Author: Lee, Koon-wang Tom
Title: Effect of hierarchical level and work setting on the perception of importance on managerial roles and its relationship with that of managerial skills of practicing occupational therapists
Degree: M.Sc.
Year: 2000
Subject: Occupational therapists
Executive ability
Hong Kong Polytechnic University -- Dissertations
Department: Multi-disciplinary Studies
Dept. of Management
Pages: viii, 101 leaves : ill. ; 30 cm
Language: English
InnoPac Record: http://library.polyu.edu.hk/record=b1569001
URI: http://theses.lib.polyu.edu.hk/handle/200/4412
Abstract: This research project is a hypothesis testing study to investigate the effect of hierarchical level and work setting on the perception of importance on the managerial roles and its relationship with that of managerial skills of practicing occupational therapists. 724 questionnaires were sent out to the practicing occupational therapists whose names appeared on the register of occupational therapists on the 1st day of July 1999 and published in the "Special Supplement No.4" to "The Government of the Hong Kong Special Administrative Region Gazette". 149 questionnaires were received in which 144 questionnaires were properly completed and used for data analysis. Variables manipulated included the hierarchical level and work setting. Among different hierarchical level, the results supported that there were significant differences on the perception of importance on the role of leader, monitor, spokesman, entrepreneur, disturbance handler, resource allocator, and negotiator. However, work setting only had effect on that of the role of resource allocator.
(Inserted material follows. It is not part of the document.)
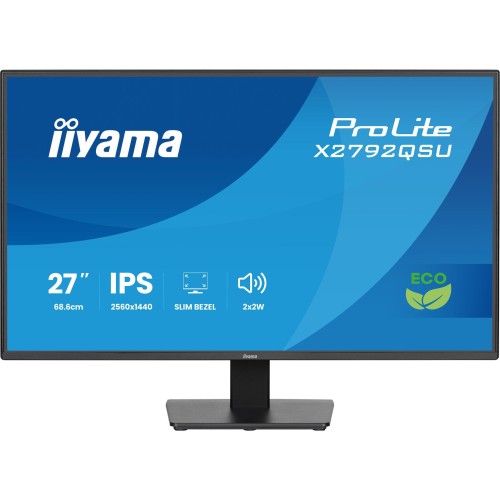 Iiyama ProLite X2792QSU-B1 IPS Monitor 27" QHD 2560x1440 με Χρόνο Απόκρισης 3ms GTG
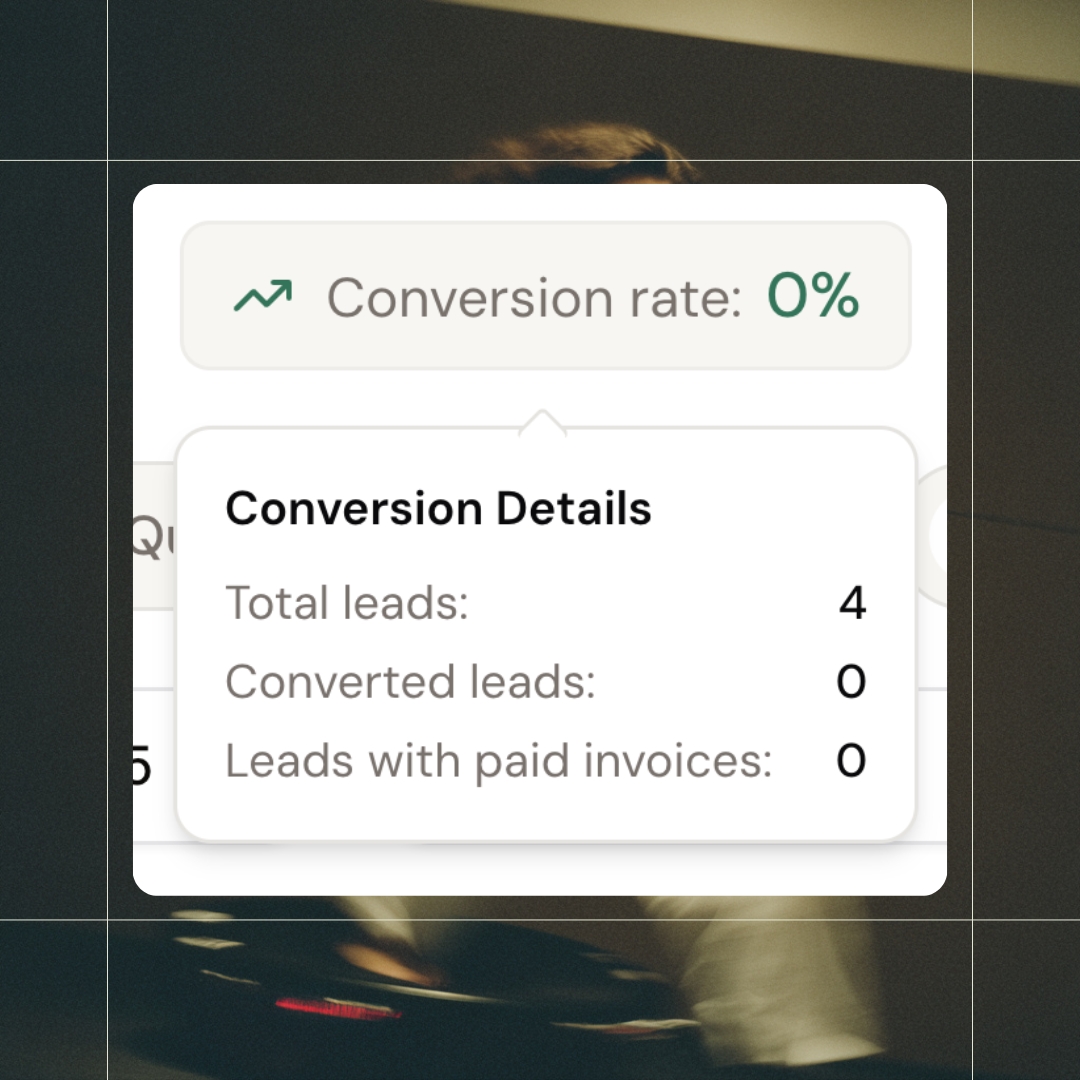See how many leads become clients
Regarding the relationship between managerial roles and managerial skills in terms of their perception of importance, the results indicated that the decisional roles had strong correlation with the conceptual skills. Some of the interpersonal roles and informational roles namely leader role, monitor role and disseminator role had fairly strong correlation with the human skills. Finally, the interpersonal roles, informational roles and decisional roles had weak correlation with the technical skills.